The succession of great Vaishnava saints who lived before Ramanuja are known as the Alwars and they each sang the glories of different deities. Altogether they composed 4000 songs about 108 deities who reside in their ‘divya-deshams’. While two of those deshams are the eternal Vaikuntha and Swetadwipa, and while the majority of songs relate to Sri Rangam, there are 40 divya-deshams in Kumbhakonam, our next port of call.
We choose to visit only the largest of these temples one evening just as the sun was going down. The Chakrapani temple was built by a Chola king and, once again, it is a marvel of finely sculptured granite. A song in stone.

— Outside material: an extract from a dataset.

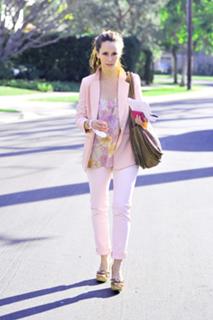 Jennifer Love Hewitt feet photo thumbnail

It is once more a magnificent experience to see the shrine and a beautiful Sri Narayana lying there. We are presented not only with darshan but literally bunches of Tulasi leaves as our prasadam.
Our trip is completed in our final destination: Madras, now known by its old name of Chennai, where we do some shopping and prepare to return from 90 F temperatures to the much more temperate climate of Britain. On the flight back, as I watch the sun rise over the mountain horizon of Afghanistan, I give thanks to Krishna for kindly allowing me all the sacred sights, sounds and tastes I have experienced over the past three weeks. I pray that it is His special gift to prepare me for even more devotional service in the coming years.